Porto Seguro já era um lugar
fantástico – tornou-se um lugar encantado! Quem veio vindo, depois, não queria
acreditar: aquilo não existia! É difícil transformar em palavras a magia em que
Porto Seguro se tornou: aquilo lá não parecia fazer parte do mundo. Havia uma
atmosfera, na cidade e nos arraiais, de uma liberdade tão grande, mas tão
grande, que ninguém tinha coragem de avançar um milímetro que fosse na
liberdade alheia. A cidade adotou o lema: “Liberdade sem limites”, e nunca
soube de outro lugar onde os limites fossem tão vastos e tão respeitados. Dizia-se
que se ficasse mais de quatro dias em Porto Seguro, corria-se o risco de não se
ir mais embora, e era verdade: criou-se a classe dos anativados, pessoas que
foram para as férias e nunca mais voltaram. Só pessoas com boas cabeças, iam ou
ficavam lá: não era raro encontrar-se um professor de Física Nuclear da Suíça a
vender sanduíche natural na praia, ou uma jornalista de São Paulo a trabalhar
de garçonete nas noites, para garantir o seu lugar ao Sol no paraíso. Ouvia-se
todas as línguas em Porto Seguro, e as pessoas que iam ou estavam lá sabiam
exatamente o valor do patrimônio que possuíam, o patrimônio da liberdade, da
alegria, da magia.

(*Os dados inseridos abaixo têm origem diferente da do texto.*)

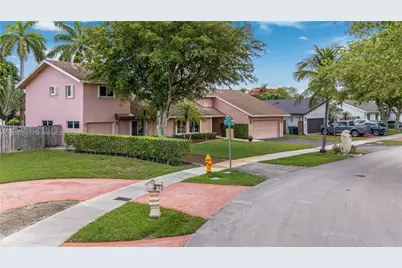 11362 SW 129th Ct, Miami, FL 33186 - Photo 2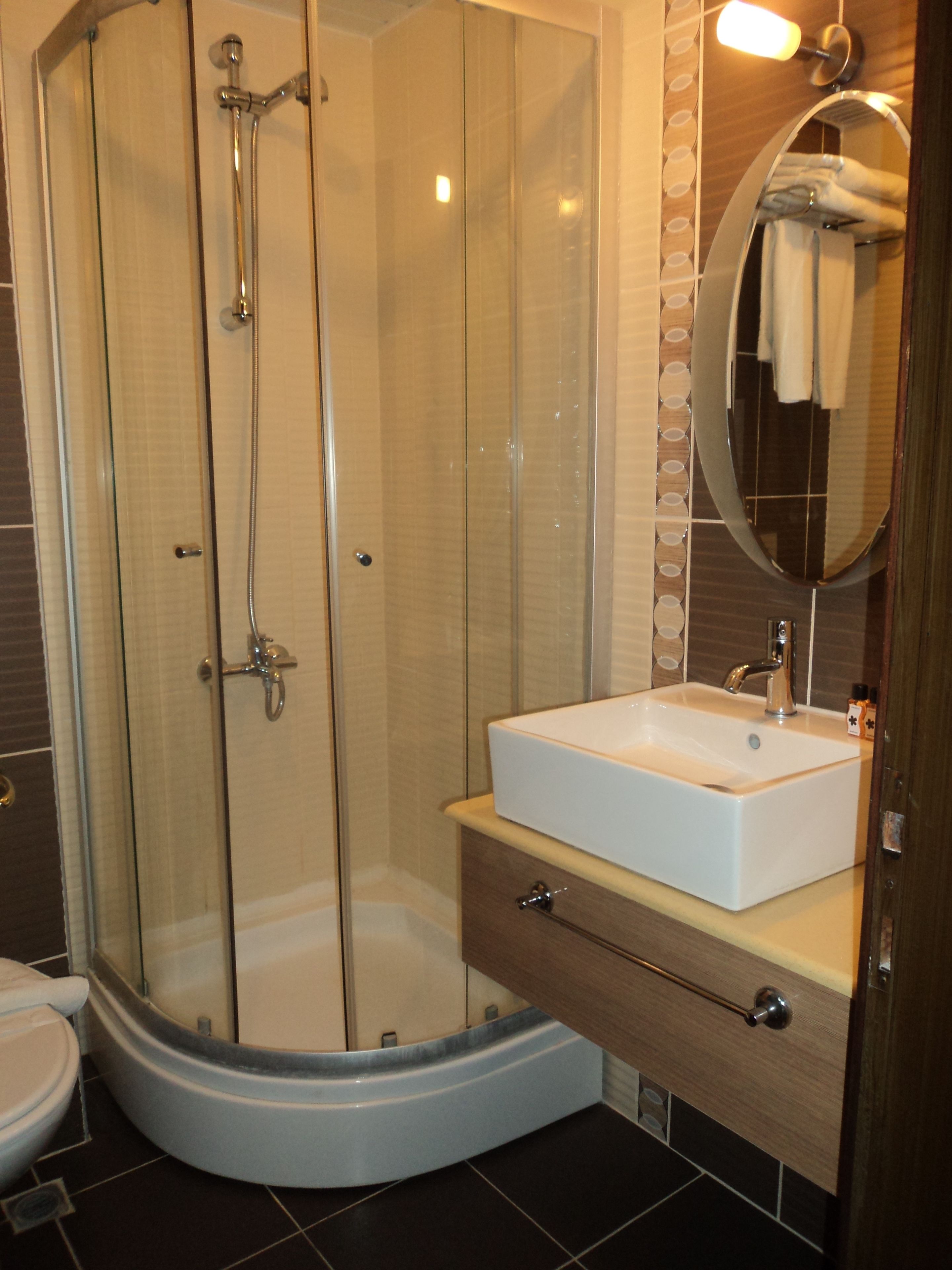 shower, free toiletries, hair dryer, slippers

E quem ia uma vez ia sempre, apesar das dificuldades para lá
se chegar, e lembro dos tempos em que aguardava as férias sonhando com os
arraiais da Ajuda e de Trancoso, com as noites na Lambada e na Passarela do
Álcool, com o Sol das praias de Mucugê e de Trancoso, com o banho de argila na
Lagoa Azul. Ainda nesses tempos de encantamento, ganhei um concurso literário
lá, com a seguinte frase: “Porto Seguro é um lugar onde a gente se levanta mais
cedo para ter mais tempo de fazer nada”. Acho que a frase diz tudo. Poderia
ficar interminavelmente falando de como era bom, de como as pessoas eram
gentis, de como a natureza era maravilhosa, de como as amizades nasciam
espontaneamente, de como se curtia a noite e os dias, agora que chegou o tempo
da saudade. Pois os encantos e a magia de Porto Seguro se acabaram.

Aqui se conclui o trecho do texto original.